Muito antes do Círio, no entanto, a brincadeira começa a ser urdida por pessoas vindo de todos os cantos da cidade, de todas as faixas etárias e camadas sociais. Aí pelo mês de abril as oficinas de adereços, canto, dança e ritmo e percussão dão os primeiros passos. A partir do segundo domingo de junho está tudo pronto para o boi ganhar as ruas.
A partir de 2003, o arraial passou a ser Instituto Arraial da Pavulagem, atuando em pesquisa e produção sócio-cultural. Se tornou então o Ponto de Cultura Arraial do Saber.
Festa da Chiquita é bacana
Ela já passou dos 40. A Festa da Chiquita é a banda mais profana da programação do Círio de Nazaré. Nasceu da cabeça de Eloi Iglésias, vocalista da banda de rock Ratos de Ravena, nos anos 70 do século passado. O lugar é sempre o mesmo: na Praça da República, esquina com o Teatro da Paz. Reúne o público LGBT e alternativos da cidade de Belém.
No pacote de tombamento do Círio de Nazaré como patrimônio cultural imaterial brasileiro, o Iphan incluiu a “festa da Chiquita”, como referência cultural ligada tradicionalmente à festividade religiosa.
Tradicional é o troféu Veado de Ouro entregue a personalidade de destaque na cidade.

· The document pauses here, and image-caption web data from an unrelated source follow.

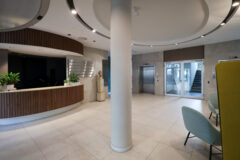Offices to let in Globe3 Irodaház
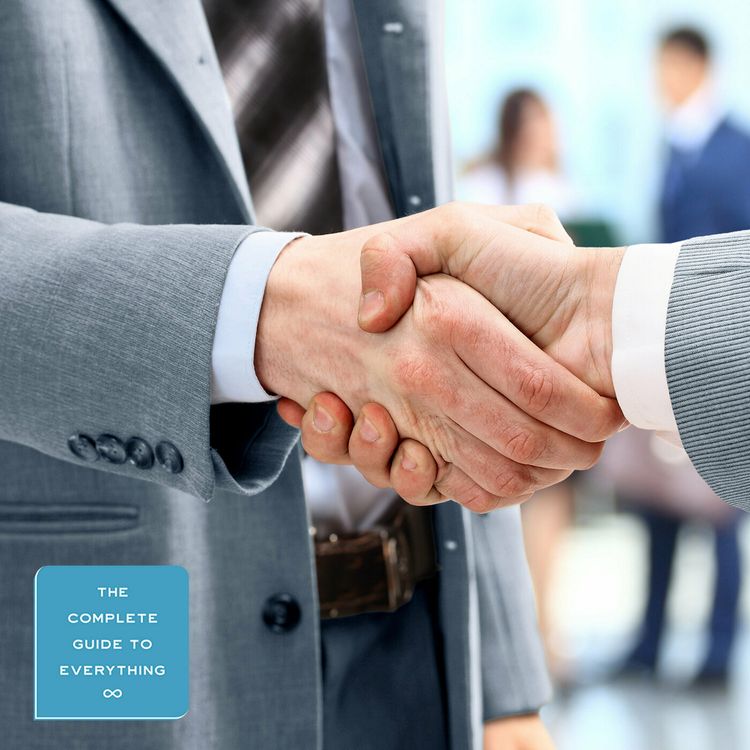 cover art for Job Interviews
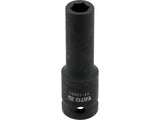 Tubulara de impact lunga YATO YT-10291, 1/2" x 10 mm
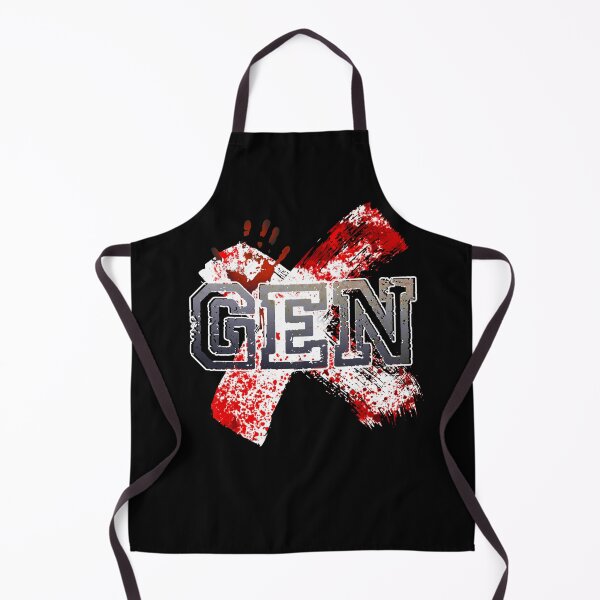 Item preview, Gen X Design designed and sold by AGED Limited.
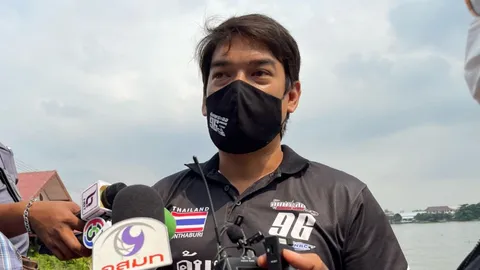 เจ้าของอู่เรือปัดไม่ชำนาญ แจงใบพัดหลุดคืออุบัติเหตุ เวลาเร่งจึงผิดพลาด 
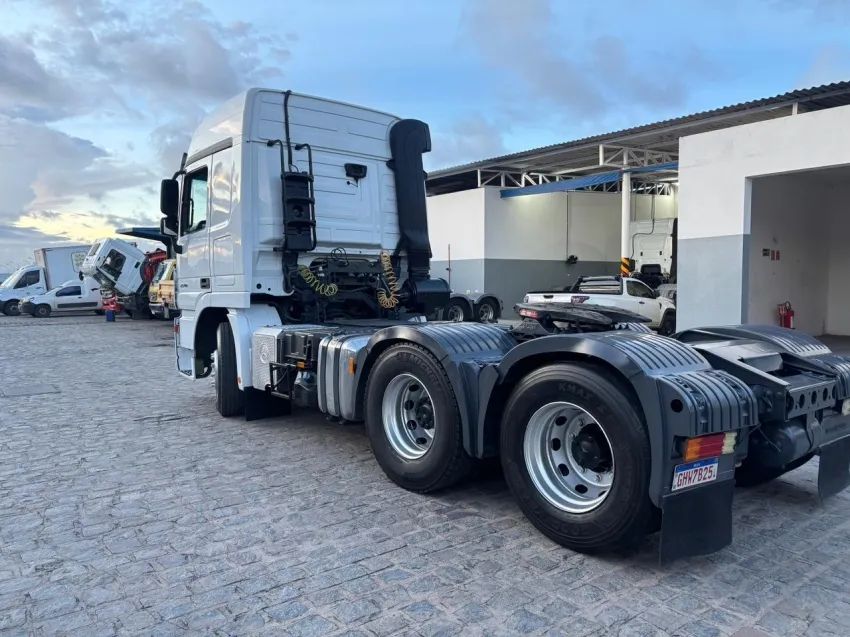 Mercedes-Benz Actros 2546 460 2018/2019. - Foto 3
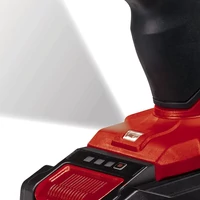 Kép 3/8 - Einhell TE-CD 18/2 Li +39 akkus fúró-csavarozó szett 2.5Ah akkuval, töltővel és 39db tartozékkal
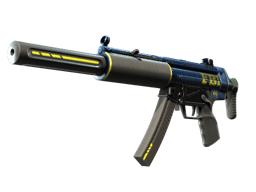 MP5-SD | Agent
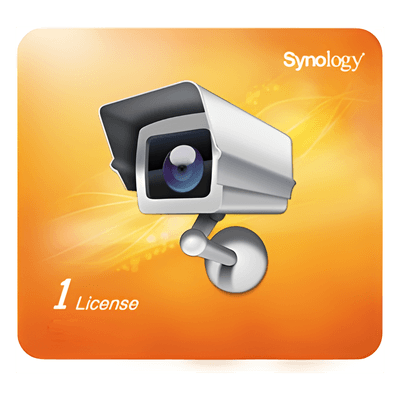 SYNOLOGY Licencia de Cámara IP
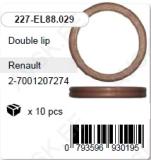 Dual Lip Renault 2-7001207274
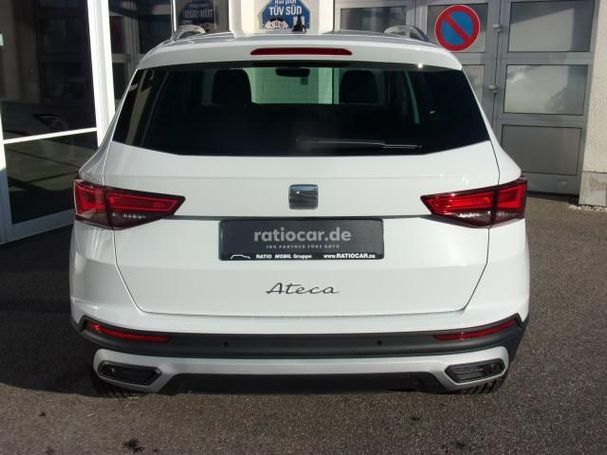 Seat Ateca 1.5 TSI Style 110 kW image number 23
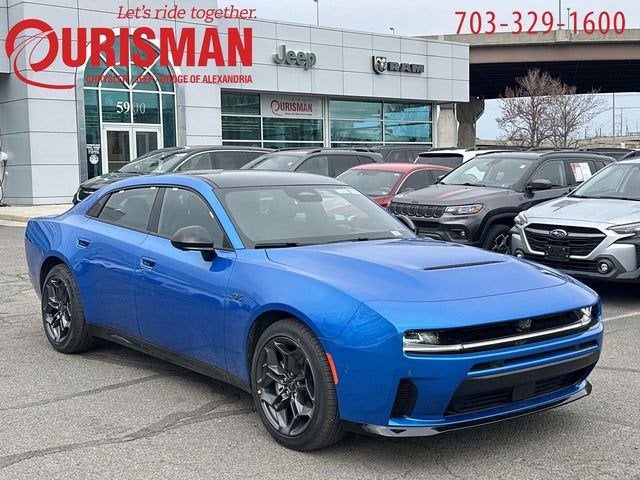 2026 Dodge Charger CHARGER R/T PLUS 4-DOOR AWD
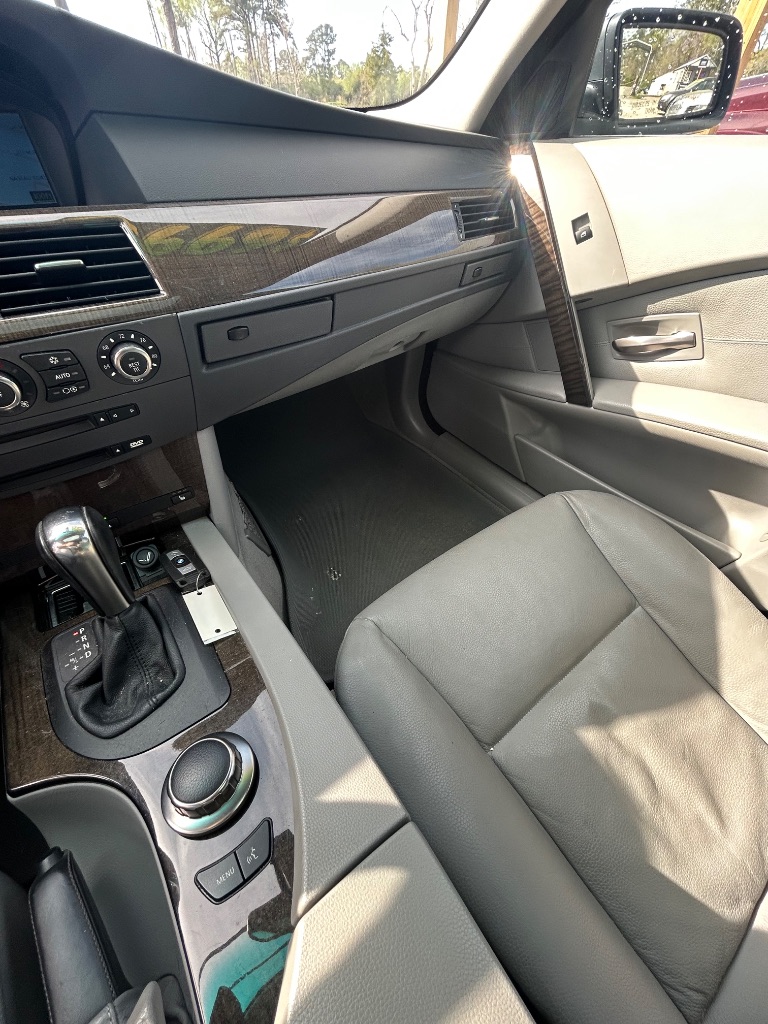 2007 BMW 5 Series 530i - Photo 14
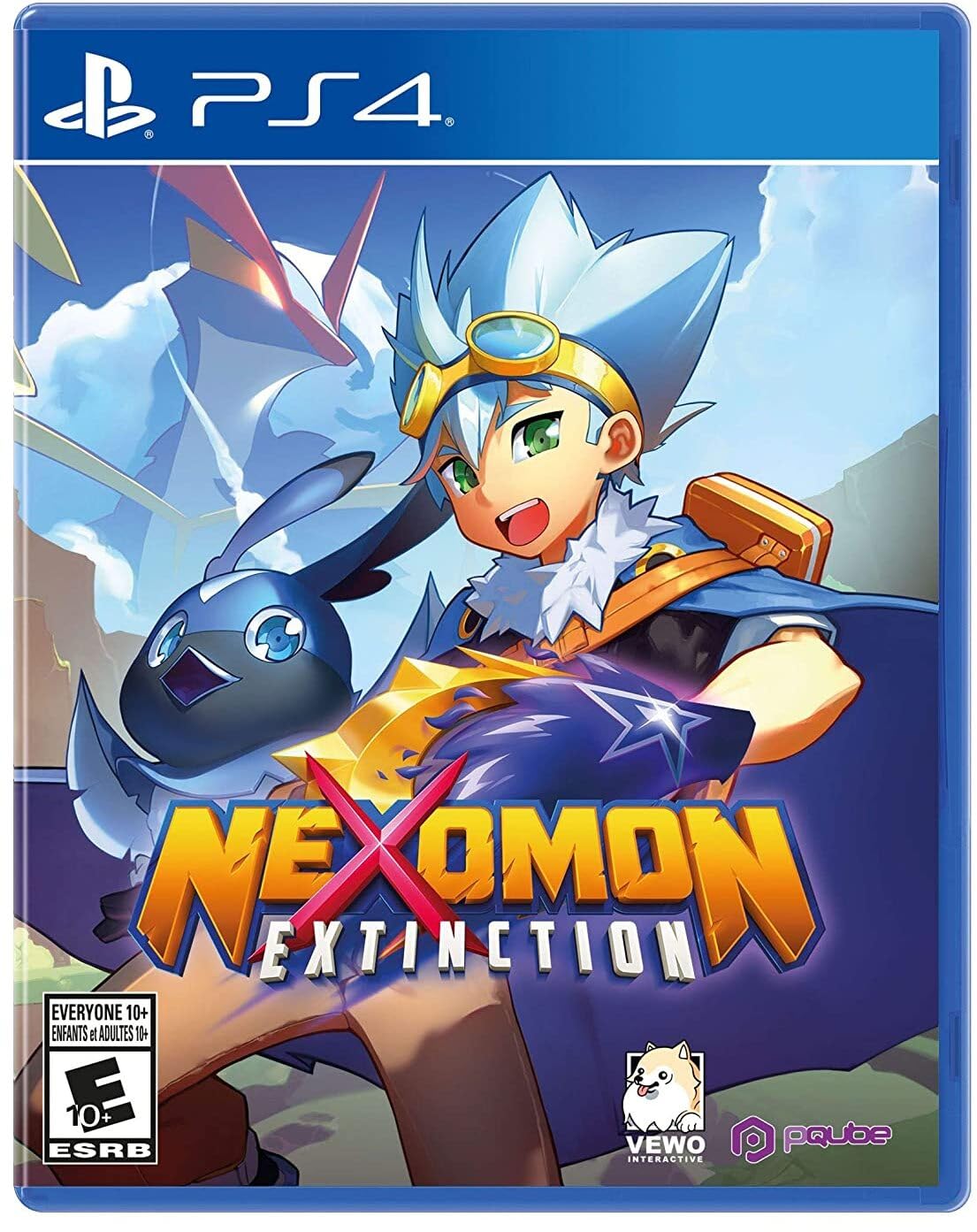 

Вимирання Північ PS4 Nexomon (Імпортована Америка) -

Irreverente, o ex-prefeito e hoje deputado federal Edmilson Rodrigues (PSOL), chegou a ser condecorado na festa, embalado pelo legítimo carimbó, executado por um grupo importado diretamente do Marajó.
Por conta e força da algazarra que o público promove, a festa tem início depois da procissão da transladação e se estende até uma da manhã, segundo orientação dos órgãos de segurança do estado e da prefeitura de Belém.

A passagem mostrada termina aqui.